純度を表す言葉として高純度や超高純度などが使われますが、それらが意味するところは対象によっても異なります。純度が90%程度でも高純度と呼ばれるものもあれば純度が99.99%でも低純度となる場合があり、使う目的によっても場面によっても求められる純度は異なります。また、測る方法によっても「純度」の数値は変ります。純度を数値を基にして高いか低いかを示す必要がない場合は感覚的に品質がいいことを謳う言葉として「高純度」などが使用されますが、単に含まれる物質の量が多いことを表すだけの場合があります。今回は純度についてまとめてみました。


純度を測る目的

貴金属はそのものに価値があるため純度が数値化され、それ以外では物質の性能に影響する場合などに純度を示す数字が必要になります。純度を数値として表示することができるようになったのは、科学的な分析方法が開発されてきたためで比較的最近の話です。金の純度は刻印で知ることができますが、刻印がない場合や怪しい金製品の場合、金の純度を知るためには試金石と呼ばれる石板に素材をこすりつけ線の色を見る、また、硝酸を加えて線が消えないかどうかを確認することなどの方法があり、試金石は現在でも使用されています。貴金属以外で純度が重要なものとしては水があります。水は工業用水として産業に大量に利用されています。

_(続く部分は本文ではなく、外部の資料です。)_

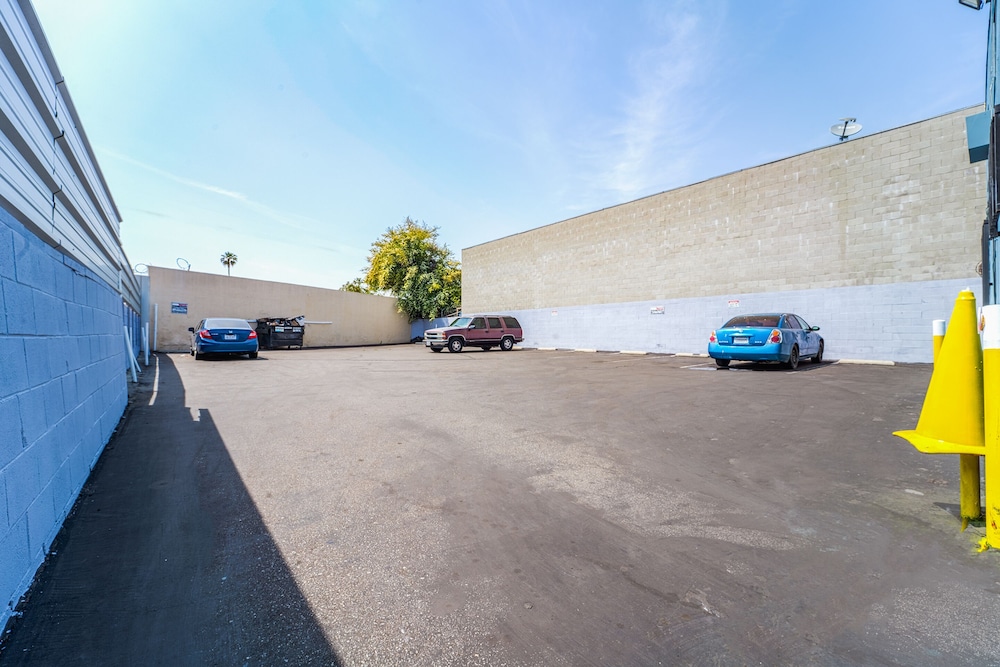 rodeway inn and suites north hollywood burbank airpo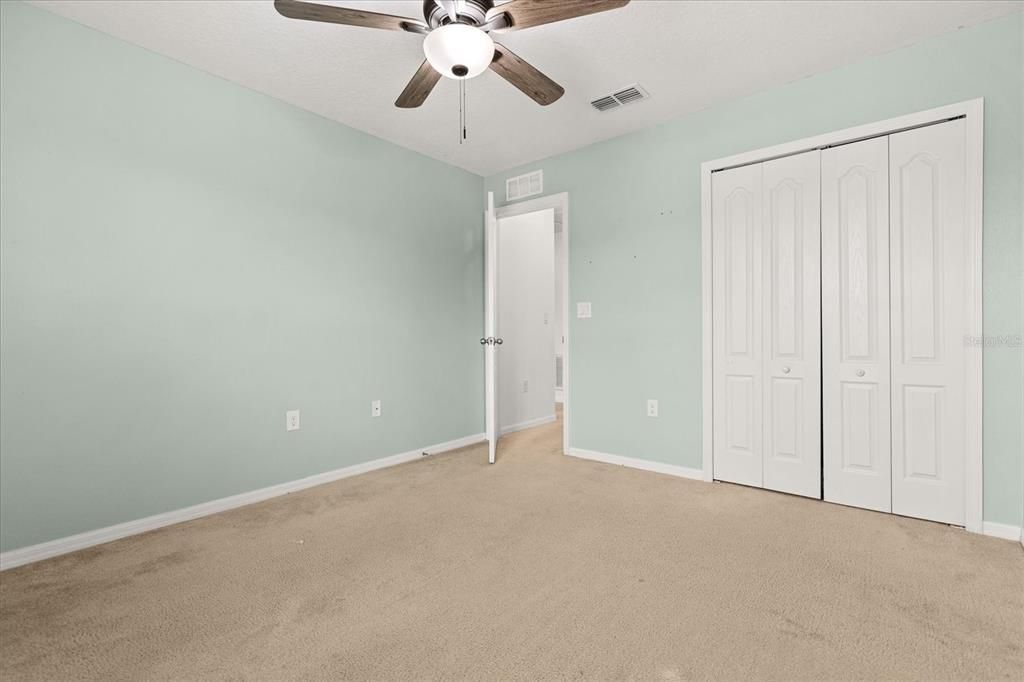 En Venta: $374,900 (4 camas, 2 baños, 2344 Pies cuadrados)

目的に応じて求められる純度は異なりますが、一般的に超純水と呼ばれる水は活性炭やイオン交換樹脂、逆浸透膜などを用いて菌、微粒子、有機物、無機物、イオン、用途によってはガスを除いており生化学の研究や医薬品製造、半導体製造の場などで使用されます。水の純度は電気抵抗で測定しますが、理論的に水だけの場合は18.24 mΩ/cmの値となります。また、私たちのような分析会社では試薬の純度が重要になってきます。純度は分析機能を発揮する物質の「きれいさ」を示すものですが、求められる機能を発揮するには、その純度だけではなく含まれる不純物の管理も重要になってきます。そのため、試薬の製品規格には、純度の他に金属含量や水分含量、強熱残分、融点、水溶状、性状などの項目があります。また、使用する目的によってはDNA分解酵素などの酵素活性など特定の物質の汚染がないことを証明する試験が求められます。化成品と呼ばれる有機化合物を用いて製品を作る場合、化成品の製造原料の違いや反応工程、後処理工程、精製工程のわずかな違いによって生じる不純物が製品の性能に影響する場合があります。その場合、不純物の量を測定して管理することも可能かと思われますが、機能に影響を与える不純物が不明で、また、総合的に不純物が関与する場合も考えられるため、実際に製品を作ってみてキチンと機能するか、保存期間中に劣化しないかなど多くの項目を確認する必要が生じる場合があります。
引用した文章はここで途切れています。